== The data ==
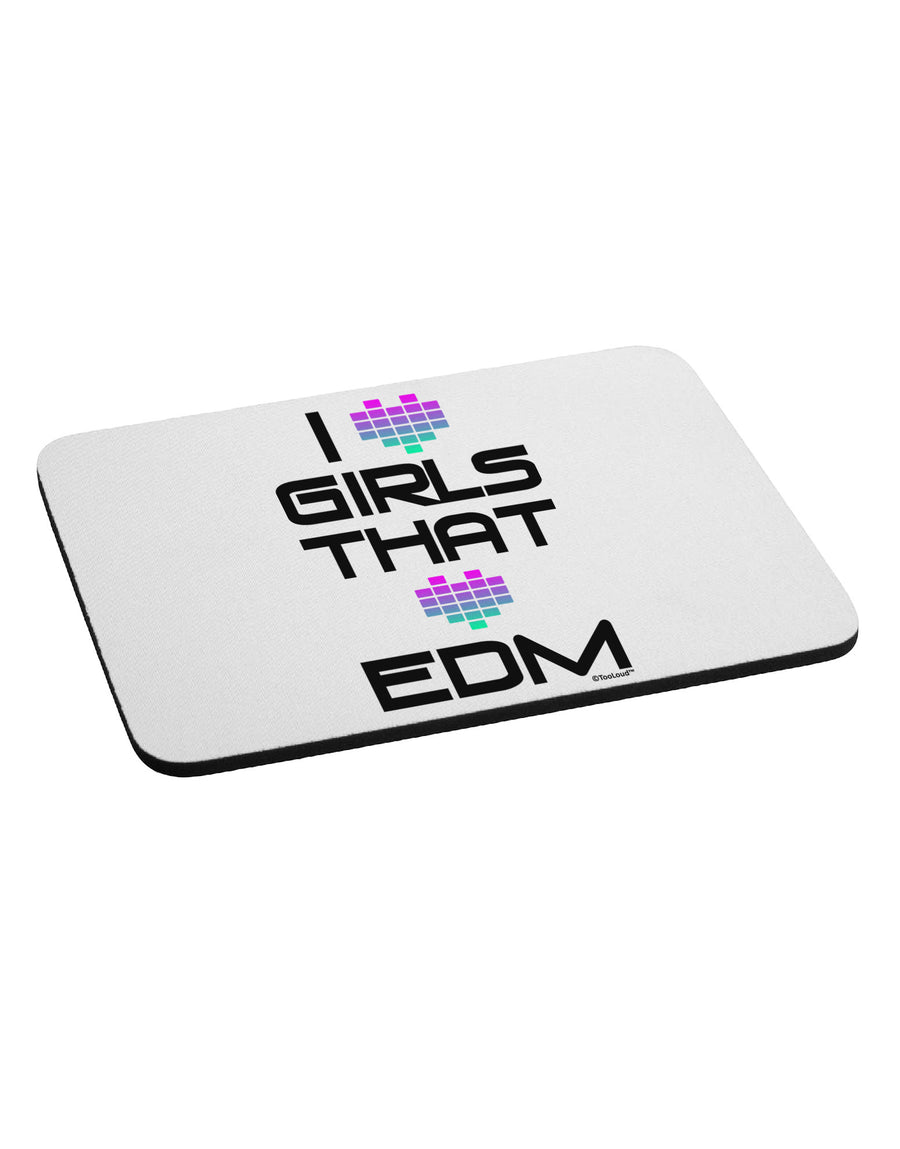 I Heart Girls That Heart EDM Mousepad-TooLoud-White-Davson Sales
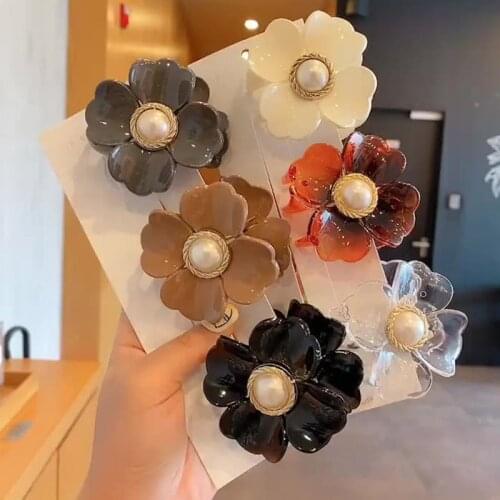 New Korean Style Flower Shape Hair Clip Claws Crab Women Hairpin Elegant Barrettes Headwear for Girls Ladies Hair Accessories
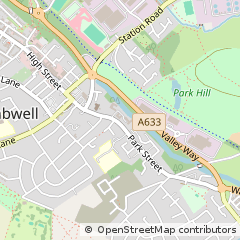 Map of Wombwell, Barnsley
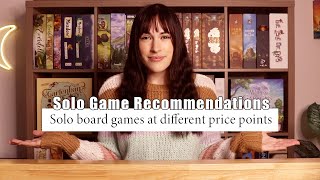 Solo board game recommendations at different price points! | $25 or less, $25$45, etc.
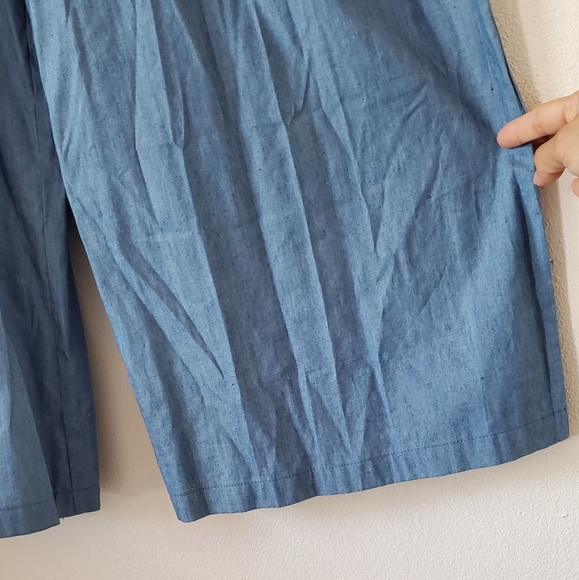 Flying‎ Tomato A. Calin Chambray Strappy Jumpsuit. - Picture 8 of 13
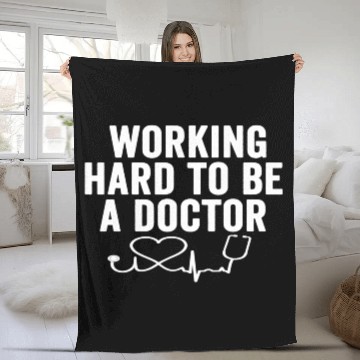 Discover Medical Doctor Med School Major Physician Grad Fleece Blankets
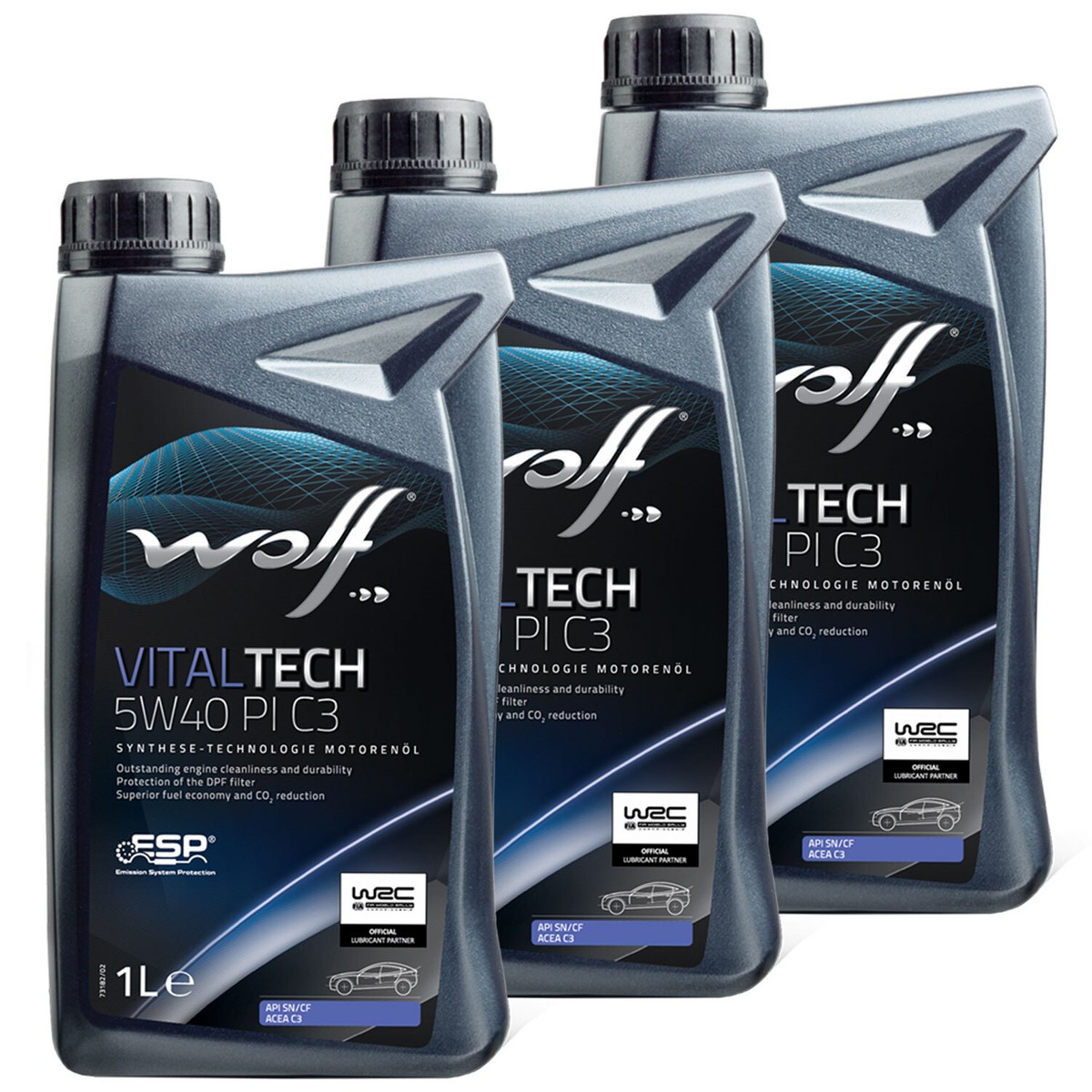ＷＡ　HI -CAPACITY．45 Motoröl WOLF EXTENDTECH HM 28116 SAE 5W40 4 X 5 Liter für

...

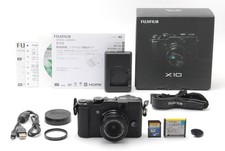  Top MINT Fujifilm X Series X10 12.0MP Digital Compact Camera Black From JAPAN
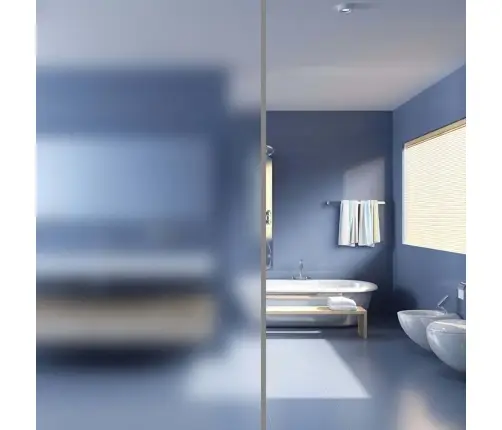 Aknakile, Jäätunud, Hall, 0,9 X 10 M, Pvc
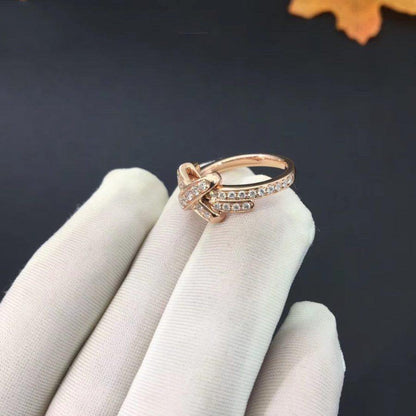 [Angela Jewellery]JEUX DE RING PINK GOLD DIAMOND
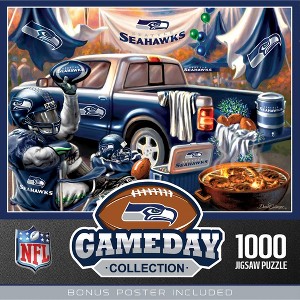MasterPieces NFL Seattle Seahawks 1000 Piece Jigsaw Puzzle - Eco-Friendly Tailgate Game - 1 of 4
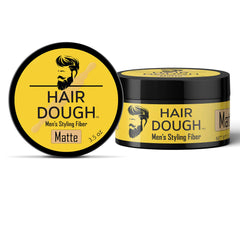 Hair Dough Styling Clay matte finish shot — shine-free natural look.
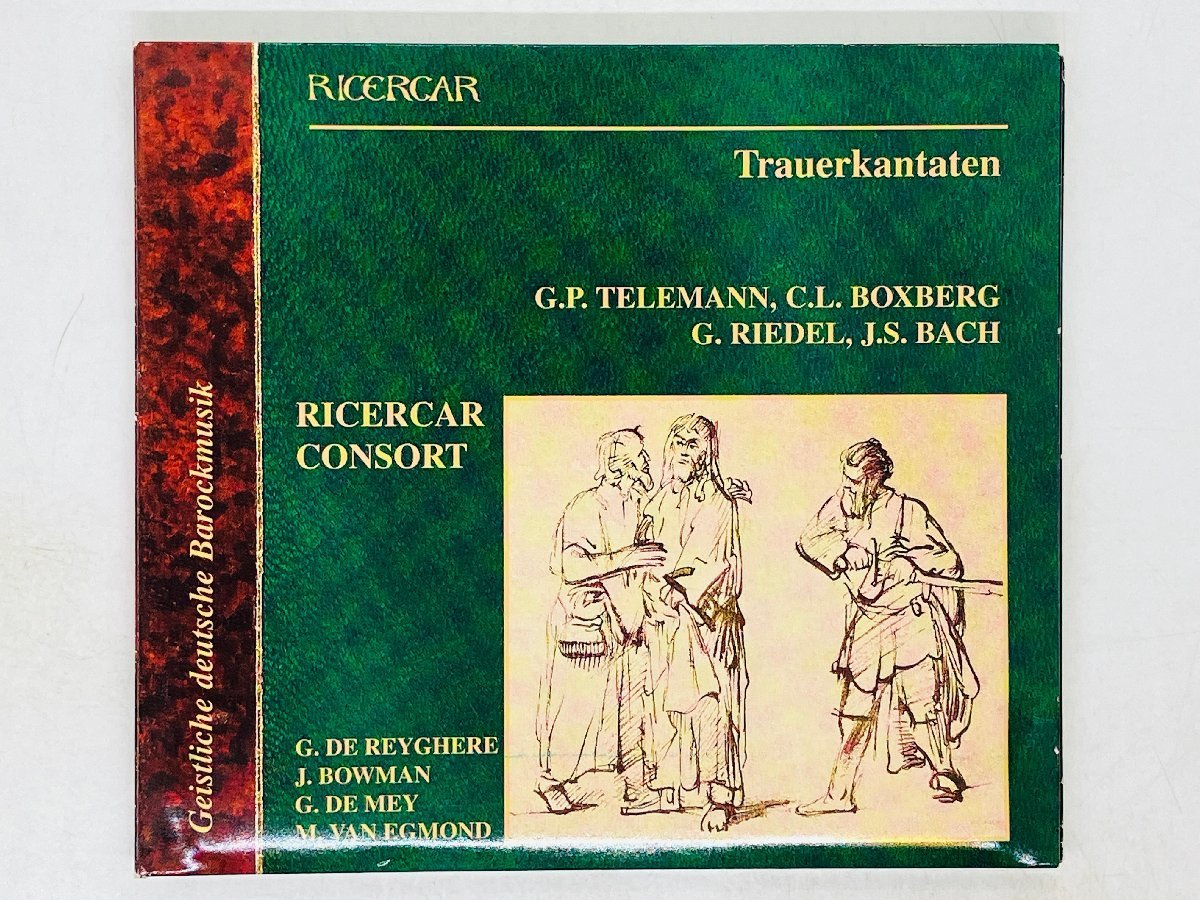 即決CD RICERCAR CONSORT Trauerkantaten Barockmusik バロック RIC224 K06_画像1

== The task ==
Leaving all pictures out, output exactly the lines of the material above from the line with "I Heart Girls" to the line with "Map of Wombwell, Barnsley", both included.

== Result of the exercise ==
 I Heart Girls That Heart EDM Mousepad-TooLoud-White-Davson Sales
 New Korean Style Flower Shape Hair Clip Claws Crab Women Hairpin Elegant Barrettes Headwear for Girls Ladies Hair Accessories
 Map of Wombwell, Barnsley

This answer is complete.